### Your task
If any record holds an image, omit the image and print the rest exactly.

□ □ □ □

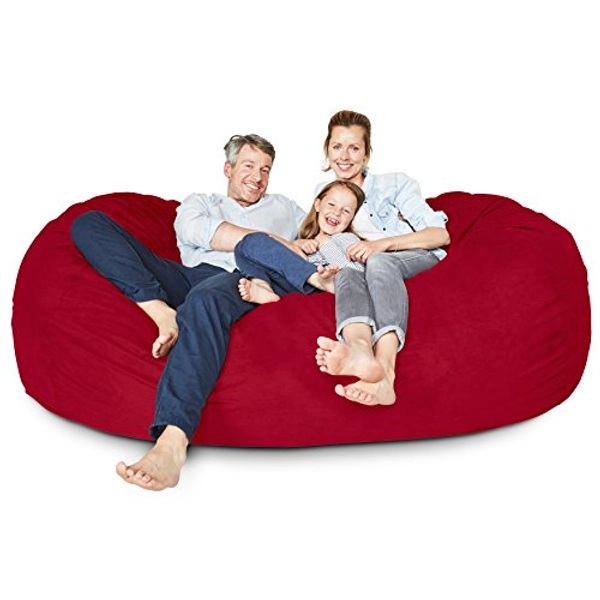 Lumaland Luxurious Giant 7ft Bean Bag Chair with Microsuede Cover - Ultra Soft, Foam Filling, Washable Jumbo Bean Bag Sofa for Kids, Teenagers, Adults - Sack Chair for Dorm, Family Room - Red - 7 Foot - Red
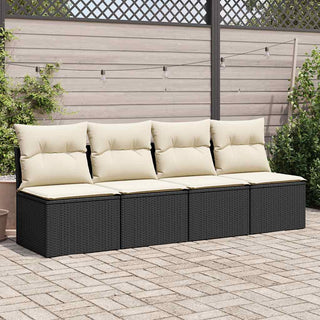 vidaXL 2 Piece Garden Sofa Set with Cushions Black Poly Rattan Acacia - 3325242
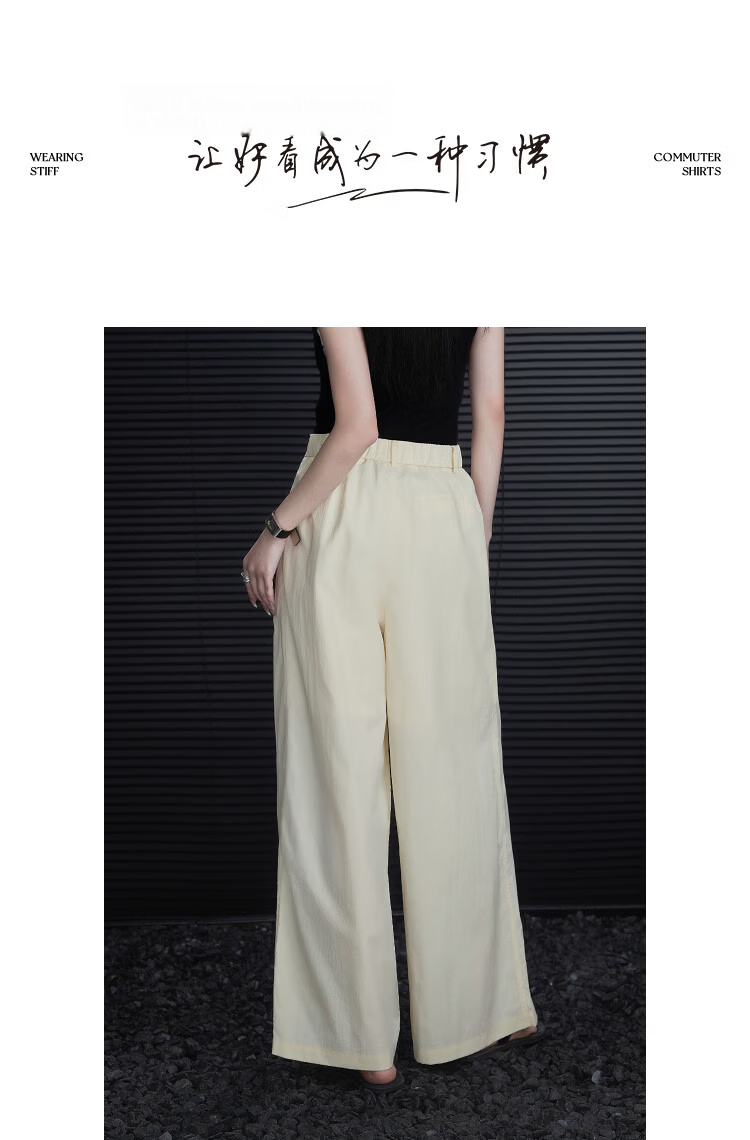 Demana Relaxed Wide-Leg Magic Spring Elastic Waist Pleated Loose Slimming Concealing Casual Pants for Women Premium Feel 10
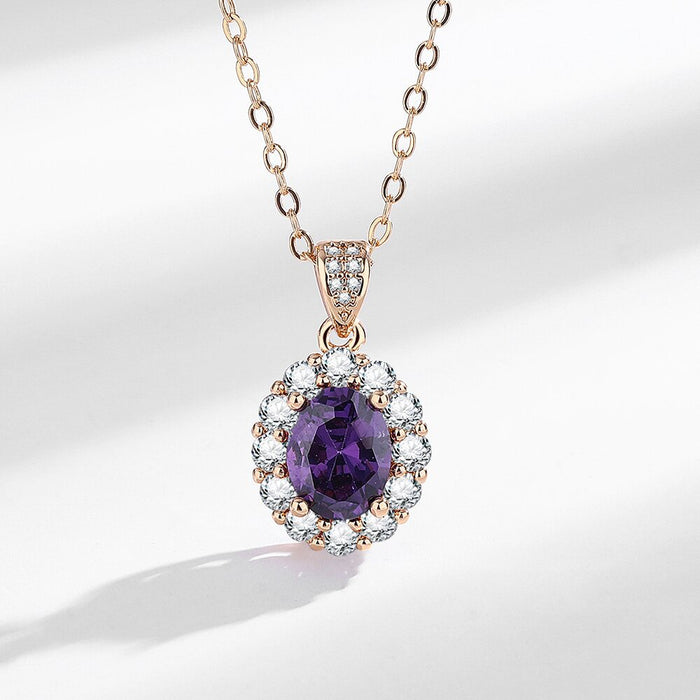 Wholesale Purple Zircon Bracelet Earrings Ring Necklace sets
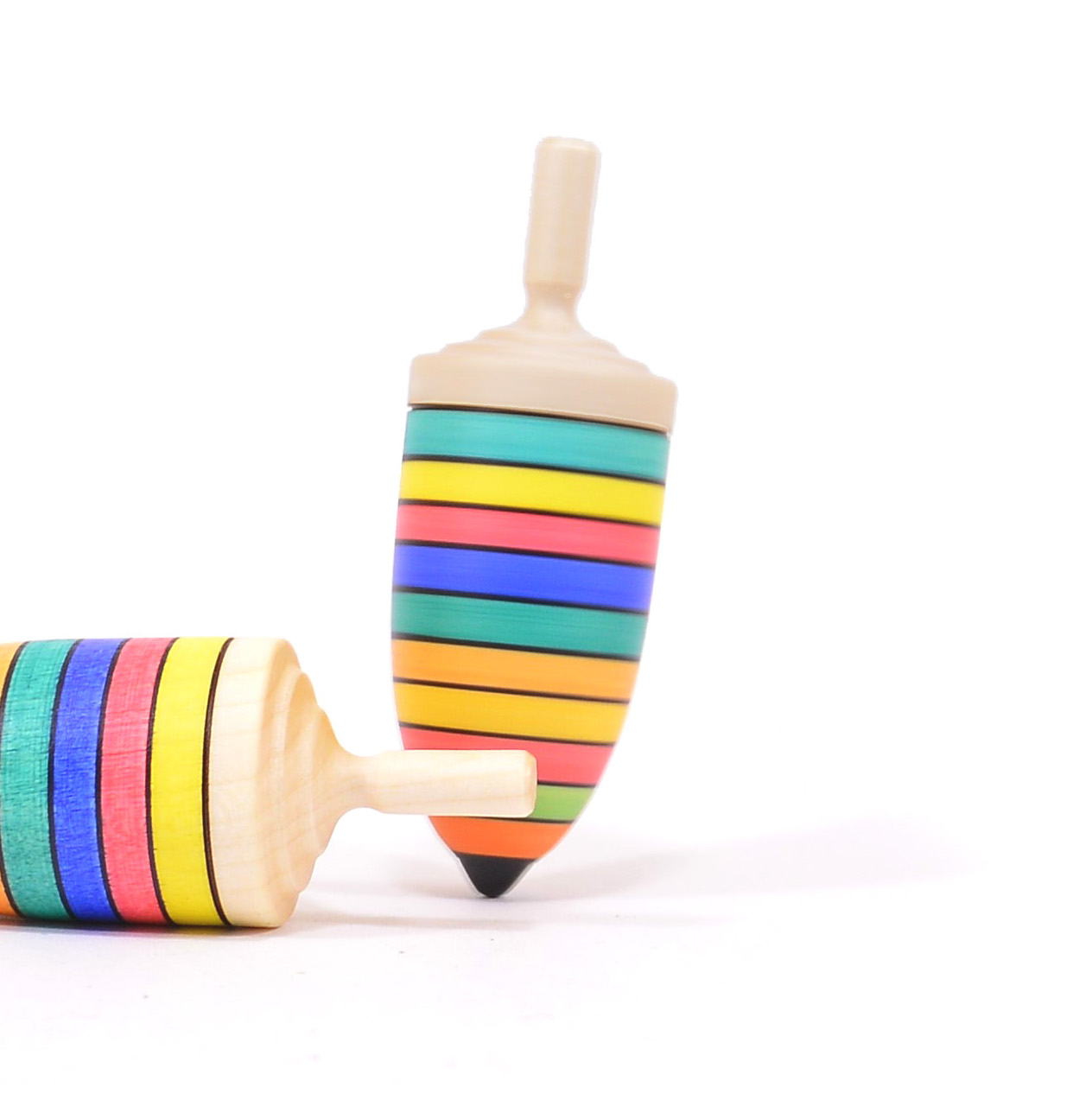 Mader Holzkreisel Donnerkeil gestreift bunt aus der Kreiselmanufaktur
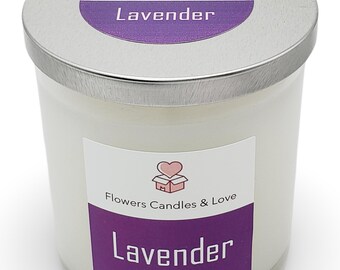 Lavender Candle: Handmade Paraffin Wax Blend, 9 Oz Glass Jar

□ □ □ □

### Solution to this task
 Lumaland Luxurious Giant 7ft Bean Bag Chair with Microsuede Cover - Ultra Soft, Foam Filling, Washable Jumbo Bean Bag Sofa for Kids, Teenagers, Adults - Sack Chair for Dorm, Family Room - Red - 7 Foot - Red
 vidaXL 2 Piece Garden Sofa Set with Cushions Black Poly Rattan Acacia - 3325242
 Demana Relaxed Wide-Leg Magic Spring Elastic Waist Pleated Loose Slimming Concealing Casual Pants for Women Premium Feel 10
 Wholesale Purple Zircon Bracelet Earrings Ring Necklace sets
 Mader Holzkreisel Donnerkeil gestreift bunt aus der Kreiselmanufaktur
 Lavender Candle: Handmade Paraffin Wax Blend, 9 Oz Glass Jar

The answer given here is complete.